• _Dataset content_

──────

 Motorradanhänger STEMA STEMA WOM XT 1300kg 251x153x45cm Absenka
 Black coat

──────

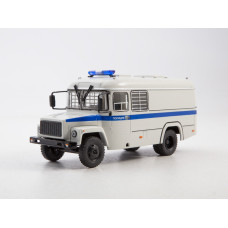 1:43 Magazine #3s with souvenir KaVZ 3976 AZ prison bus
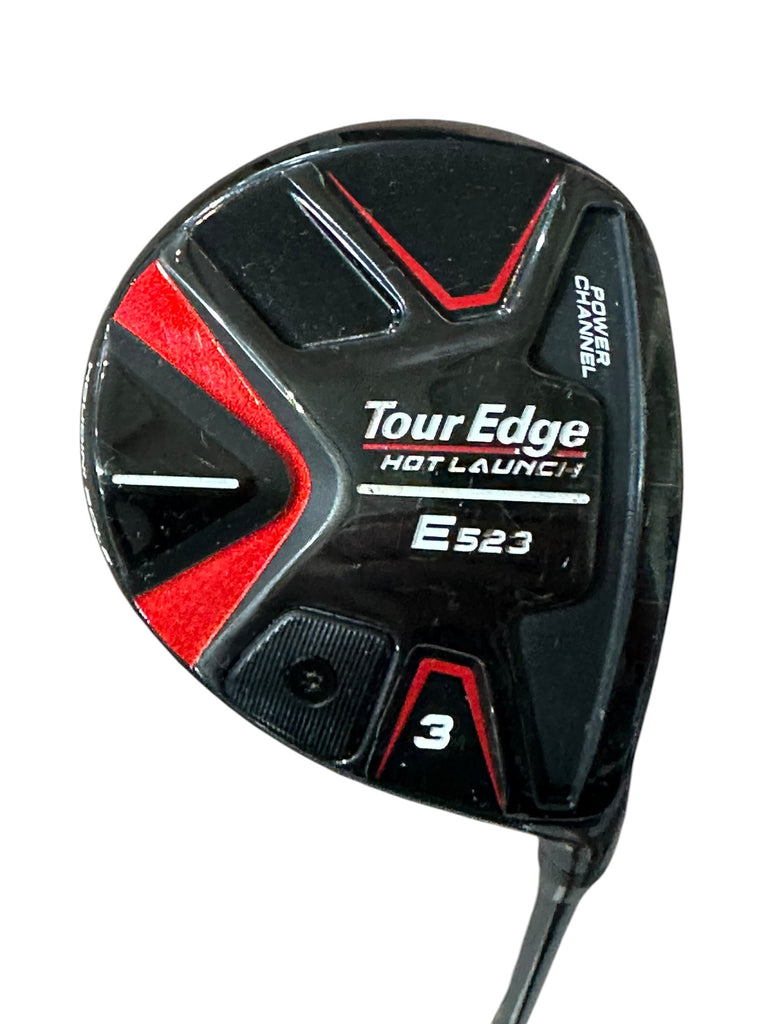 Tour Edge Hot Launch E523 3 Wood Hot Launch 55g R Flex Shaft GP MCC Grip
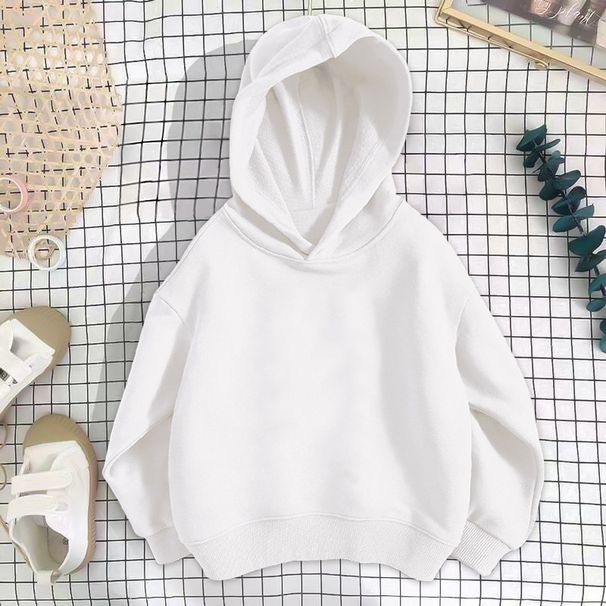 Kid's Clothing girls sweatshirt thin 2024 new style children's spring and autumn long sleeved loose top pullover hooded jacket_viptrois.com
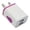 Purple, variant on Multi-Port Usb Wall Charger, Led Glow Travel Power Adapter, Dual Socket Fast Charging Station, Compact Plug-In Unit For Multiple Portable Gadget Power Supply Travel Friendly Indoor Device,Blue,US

──────

• _What this task involves_
Output should consist of the lines above from the one with "1:43 Magazine #3s" down to the one with "Purple, variant on", exact and without pictures.

• _Completed exercise_
 1:43 Magazine #3s with souvenir KaVZ 3976 AZ prison bus
 Tour Edge Hot Launch E523 3 Wood Hot Launch 55g R Flex Shaft GP MCC Grip
 Kid's Clothing girls sweatshirt thin 2024 new style children's spring and autumn long sleeved loose top pullover hooded jacket_viptrois.com
 Purple, variant on Multi-Port Usb Wall Charger, Led Glow Travel Power Adapter, Dual Socket Fast Charging Station, Compact Plug-In Unit For Multiple Portable Gadget Power Supply Travel Friendly Indoor Device,Blue,US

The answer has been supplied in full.